Kilka dni temu w krakowskim wydaniu „Gazety Wyborczej” można było przeczytać tekst o działalności pewnej fundacji, która za cel stawia sobie tropienie dyskryminacji religijnej w małopolskich szkołach.
Już w 2012 roku pod jej patronatem przeprowadzono badania ankietowe, których wyniki mają wskazywać na podobno liczne przejawy nietolerancji. Raport został przesłany m.in. do Sejmowej Komisji Edukacji, Ministerstwa Edukacji Narodowej oraz do Małopolskiego Kuratorium Oświaty, ale żadna z tych instytucji na niego nie zareagowała. Dlatego fundacja ogłosiła niedawno nowy program „walki z dyskryminacją w szkołach”, tym razem chcąc przeprowadzić „kontrolę publicznej edukacji pod kątem przestrzegania konstytucyjnych praw wolności sumienia, wyznania i prawa rodziców do wychowywania dziecka zgodnie ze swoimi przekonaniami”.

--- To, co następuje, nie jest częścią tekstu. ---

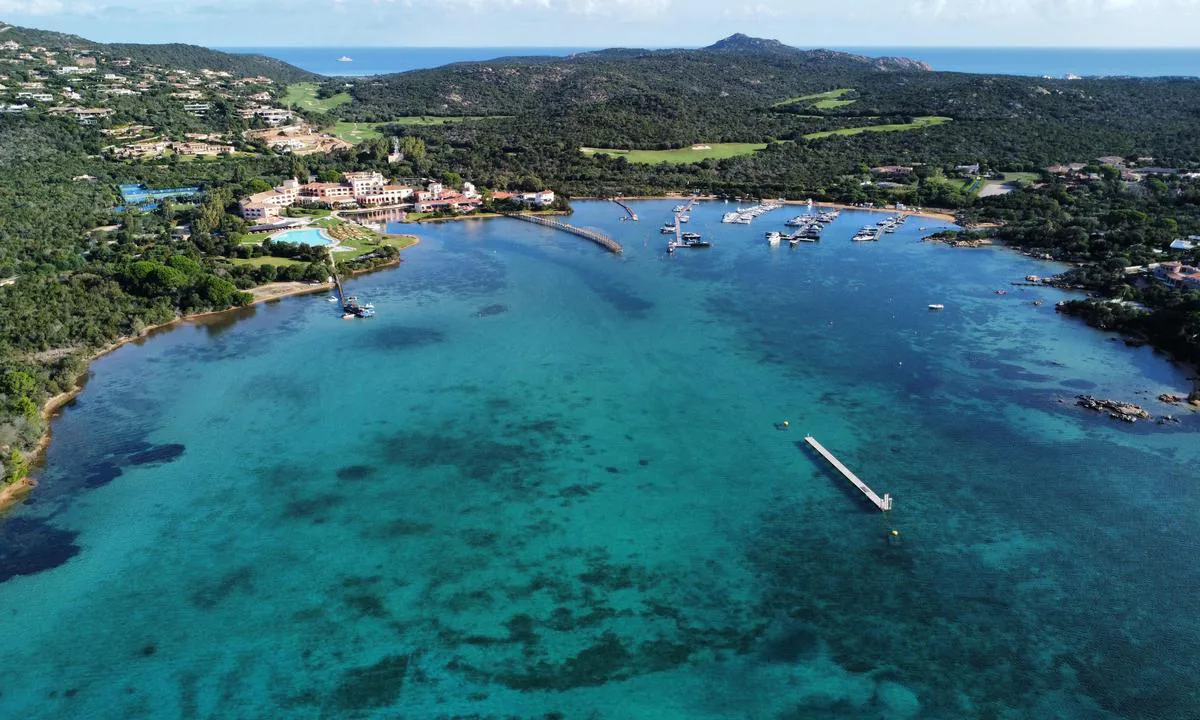 Cala di Volpe - Sassari: {"base": "en", "no": "Bilde tatt i oktober, uten b\u00e5ter p\u00e5 anker", "se": "Bild tagen i oktober, utan b\u00e5tar p\u00e5 ankarplats", "en": "Picture taken in October, with no boats on anchor", "da": "Billede taget i oktober, uden b\u00e5de p\u00e5 anker", "fr": "Photo prise en octobre, sans bateaux \u00e0 l'ancre", "de": "Im Oktober aufgenommenes Bild, ohne Boote vor Anker", "es": "Foto tomada en octubre, sin barcos anclados", "it": "Foto scattata in ottobre, senza barche all'ancora", "pt": "Foto tirada em outubro, sem barcos ancorados", "nl": "Foto genomen in oktober, zonder boten voor anker", "pl": "Zdj\u0119cie zrobione w pa\u017adzierniku, bez \u0142odzi na kotwicy", "uk": "\u0424\u043e\u0442\u043e \u0437\u0440\u043e\u0431\u043b\u0435\u043d\u043e \u0432 \u0436\u043e\u0432\u0442\u043d\u0456, \u0436\u043e\u0434\u043d\u043e\u0433\u043e \u0447\u043e\u0432\u043d\u0430 \u043d\u0430 \u044f\u043a\u043e\u0440\u0456", "ro": "Poz\u0103 realizat\u0103 \u00een luna octombrie, f\u0103r\u0103 b\u0103rci ancorate", "tr": "Resim Ekim ay\u0131nda \u00e7ekilmi\u015ftir, demirlemi\u015f tekne yok", "el": "\u03a6\u03c9\u03c4\u03bf\u03b3\u03c1\u03b1\u03c6\u03af\u03b1 \u03c4\u03c1\u03b1\u03b2\u03b7\u03b3\u03bc\u03ad\u03bd\u03b7 \u03c4\u03bf\u03bd \u039f\u03ba\u03c4\u03ce\u03b2\u03c1\u03b9\u03bf, \u03c7\u03c9\u03c1\u03af\u03c2 \u03c3\u03ba\u03ac\u03c6\u03b7 \u03c3\u03c4\u03b7 \u03c1\u03af\u03c8\u03b7 \u03ac\u03b3\u03ba\u03c5\u03c1\u03b1\u03c2", "cs": "Fotografie po\u0159\u00edzena v \u0159\u00edjnu, \u017e\u00e1dn\u00e9 lod\u011b na kotv\u011b", "hu": "A k\u00e9p okt\u00f3berben k\u00e9sz\u00fclt, horgonyl\u00e1ncon nincsenek haj\u00f3k", "fi": "Kuva otettu lokakuussa, ilman ankkuroituja veneit\u00e4", "bg": "\u0421\u043d\u0438\u043c\u043a\u0430, \u043d\u0430\u043f\u0440\u0430\u0432\u0435\u043d\u0430 \u043f\u0440\u0435\u0437 \u043e\u043a\u0442\u043e\u043c\u0432\u0440\u0438, \u0431\u0435\u0437 \u043b\u043e\u0434\u043a\u0438 \u043d\u0430 \u043a\u043e\u0442\u0432\u0430", "sr": "Slika snimljena u oktobru, bez brodova na sidru", "et": "Pilt tehtud oktoobris, ankrus olevaid paate pole", "lv": "Att\u0113ls uz\u0146emts oktobr\u012b, bez enkurotiem ku\u0123iem", "lt": "Nuotrauka daryta spalio m\u0117nes\u012f, laiv\u0173 inkaruota n\u0117ra"}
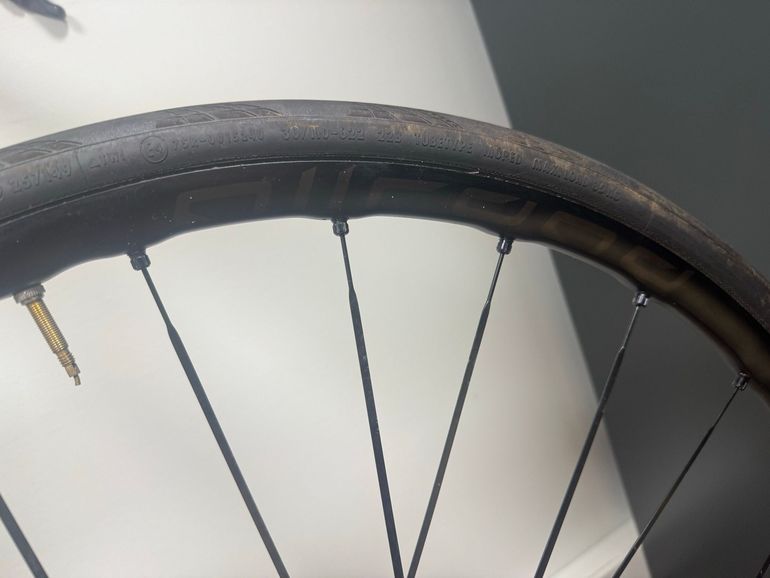 Brugt Genesis Croix De Fer 20 2019 2019 Road & Gravel — billede 6 af 8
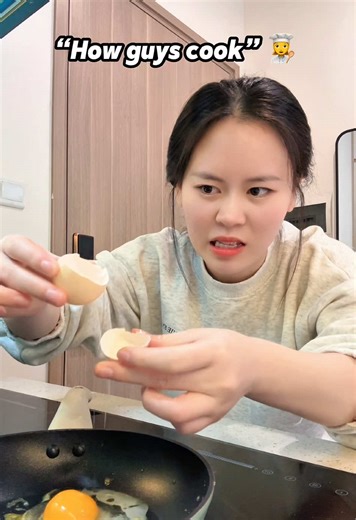 How guys cook 🧑‍🍳 😜 #funny #viral #fyp #trending | #cooking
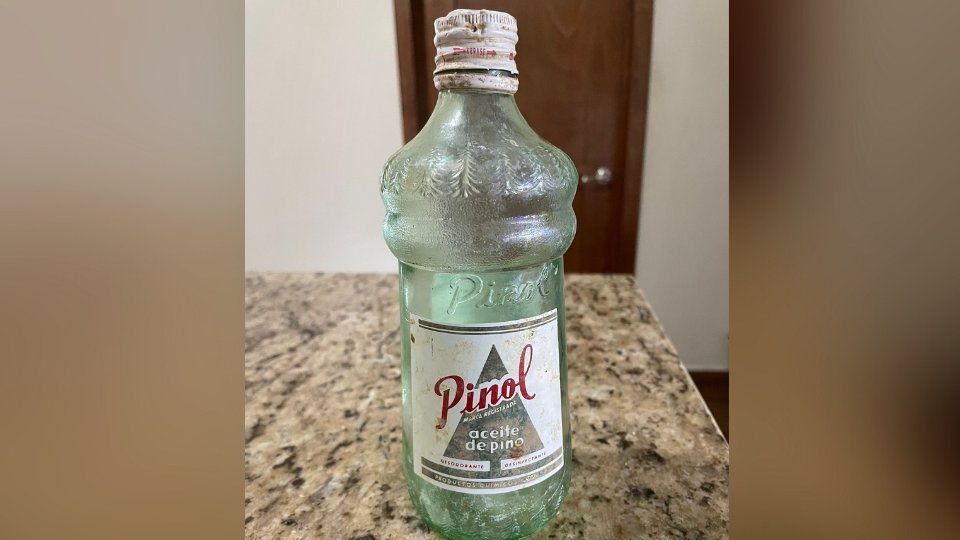 ABCNoticiasMX's tweet photo. 📱 #VIRAL | Encuentra botella de Pinol hecha de vidrio; invitan a hallar más ‘tesoros’.
🌐 https://t.co/72CNhACb7U https://t.co/1FSIT95Vux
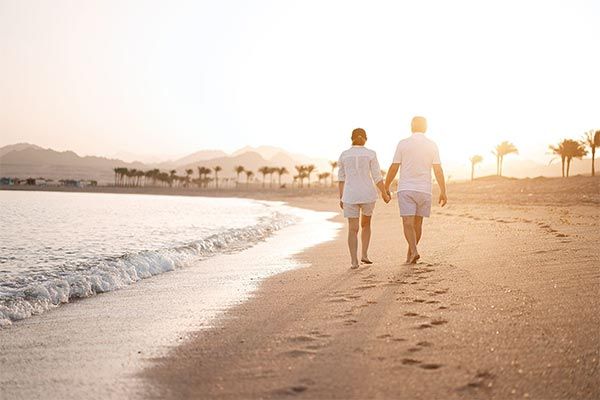 The robotic-assisted direct anterior approach is making waves in the world of hip replacements, with high patient satisfaction! Learn why this advanced technique is becoming a gamechanger for patients seeking a faster &amp; comfortable recovery. #robertavinomd robertavinomd.com/blog/patient-b…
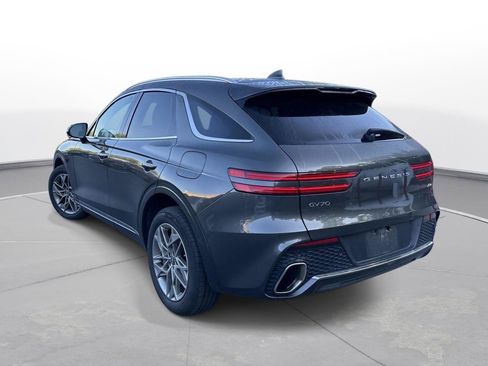 Used 2025 Genesis GV70 2.5T AWD/4WD image 8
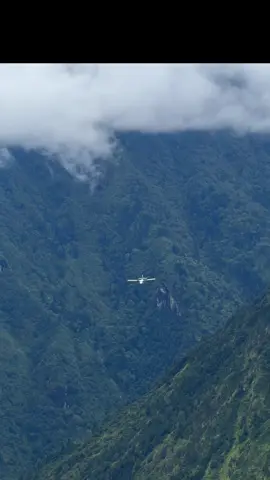 ☘️  Tara Air landing at…..?  #viral #viralvideo #tiktokviral #fyp #foryoupage #foryou #solukhumbu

Ktoś mądry powiedział kiedyś, że wiarygodność zyskuje się wtedy, gdy czyny pokrywają się ze słowami. Jeśli fundacji tak bardzo zależy na prawach rodziców do wychowywania zgodnego z sumieniem, powinna w następnym raporcie stanąć po stronie tych rodziców, którzy nie chcą, by ich dzieci były poddawane w szkole wyuzdanej, genderowej demoralizacji w ramach obowiązkowej edukacji seksualnej i uznać ją za przejaw nietolerancji. Tylko czy tę fundację to akurat zainteresuje? Wątpię.